Ecco, la “benedizione di Sacchi”, definiamola così, è stata insieme il punto più alto e l’inizio della condanna sportiva di Giampaolo: perché è così, che funziona. Se ci sono delle aspettative così alte sul tuo conto da scomodare i mostri sacri hai due possibilità: o le mantieni, ripagando le attese, o ti giochi la faccia.

Il problema, essenzialmente, è che non è un fatto volontario, soprattutto nel calcio: se per vincere bastasse semplicemente crederci fino in fondo sarebbero tutti campioni. E invece no: serve altro, persino un po’ di fortuna. Tempo? Sì, può essere: ma in un Milan in difficoltà da anni e praticamente all’inizio di un nuovo progetto societario chiedere tempo è cosa ardua. Si fa quel che si può.

Giampaolo viene annunciato il 19 giugno 2019, quattro giorni dopo la risoluzione con la Sampdoria: alla sua conferenza di presentazione parla della voglia di giocare a calcio come priorità assoluta, mista a tormentoni classici come il subir poco e il “percorso da seguire”, per tutti.

Non mancano, ovviamente, i riferimenti al Derby di Milano: uno dei temi chiaramente più affrontati da quelle parti, anche se sei arrivato da pochi giorni.

“Conte dice ‘testa bassa e pedalare’? Il mio slogan è ’testa alta e giocare a calcio’”:si prende le prime pagine dei quotidiani. Le aspettative? Aumentano.

La stagione pronta a iniziare è, però, una delle più strane dell’intera stagione rossonera: il Milan, pur essendosi qualificata per l’Europa League, non potrà partecipare alla competizione per aver violato le norme del fair play finanziario UEFA. Dal mercato, però, arrivano giocatori importanti come Theo Hernandez e Rafael Leao.
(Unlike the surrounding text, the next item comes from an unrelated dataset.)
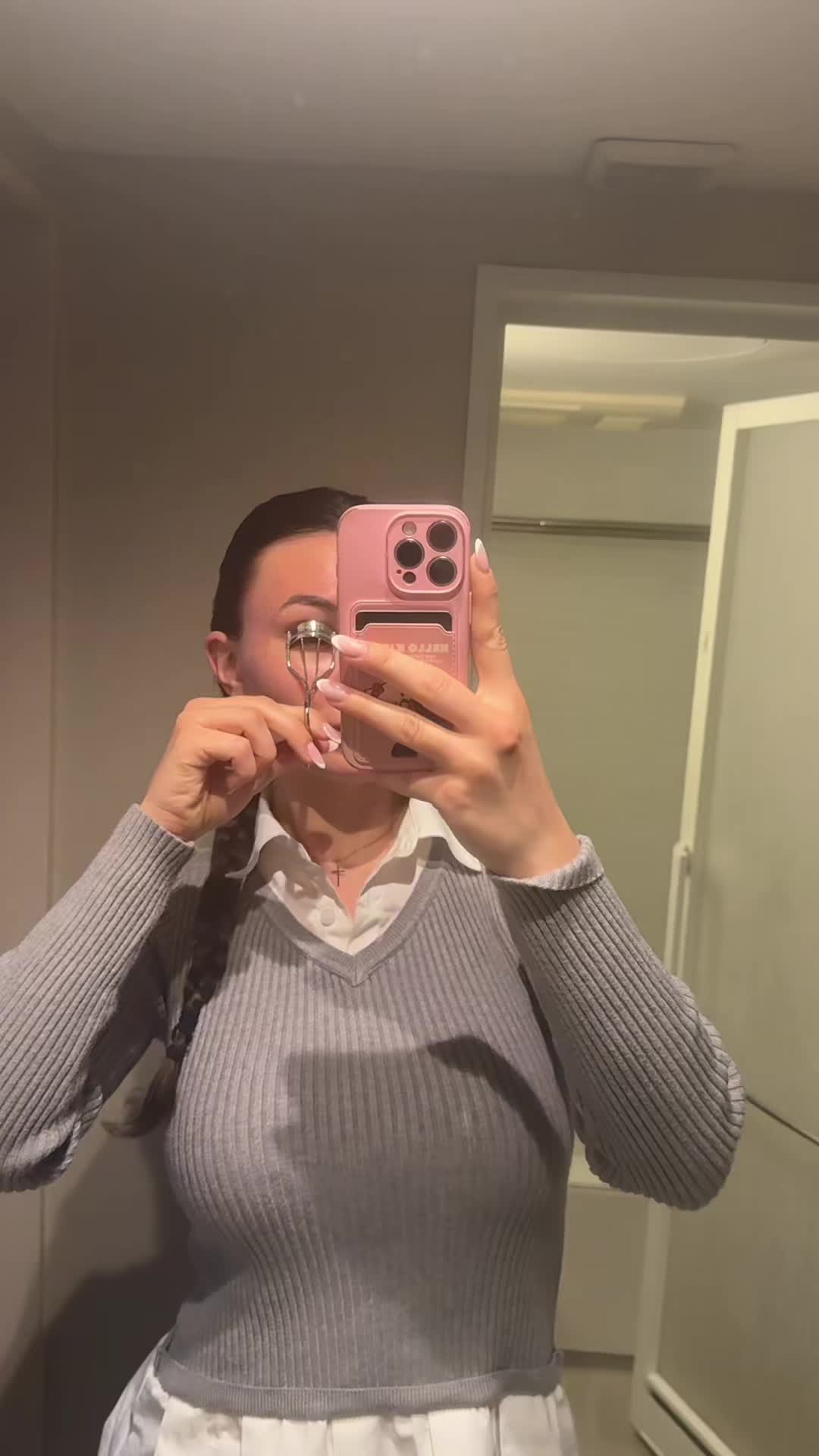 @Lili💌 | Flugbegleiterin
Sì, due dei pilastri dell’attuale formazione di Stefano Pioli.

“Io un maestro? Ho tanti difetti…”.

Le difficoltà si vedono, però: tralasciando il precampionato, l’esordio in Serie A è un 1-0 contro l’Udinese, in casa dei bianconeri, firmato Rodrigo Becao. La primissima formazione di Giampaolo al Milan è, invece, un 4-3-1-2 con Donnarumma in porta, Calabria, Musacchio, Romagnoli e Theo Hernandez in difesa; Borini e Lucas Paquetà schierati mezz’ali a supporto del ragista, Calhanoglu. Qui qualcuno ha fatto una smorfia. Suso trequartista, poi, alle spalle di Castillejo e Piatek.

Ma visto che ci hanno insegnato a non giudicare un libro dalla copertina, la seconda e la terza giornata consegnano due incoraggianti vittorie per 1-0 contro Brescia, a San Siro, e Verona, al Bentegodi, firmate da Calhanoglu e Piatek. La prima grande prova è il Derby contro l’Inter, alla quarta. È qui, con ogni probabilità, che l’avventura di Giampaolo al Milan finisce.

Perché sì, in realtà finirà tre giornate più tardi, dopo due sconfitte contro Torino e Fiorentina, che fanno di lui il primo allenatore della storia del Milan a perdere quattro delle prime sei gare di Serie A da 81 anni a quel momento, e soprattutto dopo la paradossale vittoria contro il Genoa per 1-2 conquistata grazie al rigore di Kessié che, però, non lo salverà dall’esonero. Insomma, non finirà proprio la sera del Derby, questo no: ma almeno filosoficamente sì.

Lo 0-2 subito contro l’Inter e targato Brozovic-Lukaku è la sconfitta delle premesse sul suo conto: del ‘testa alta e giocare a calcio’ contro il ‘palla lunga e pedalare’ di Antonio Conte, vittorioso quella sera. Di un gioco che proprio non era riuscito a decollare: tornerà a San Siro e ci ripenserà, magari. Contro Stefano Pioli che gli è succeduto, raccogliendo l'eredità e portando il Milan in alto. E allora sì, darà tutto: “Me la devo giocare”. Se la giocherà.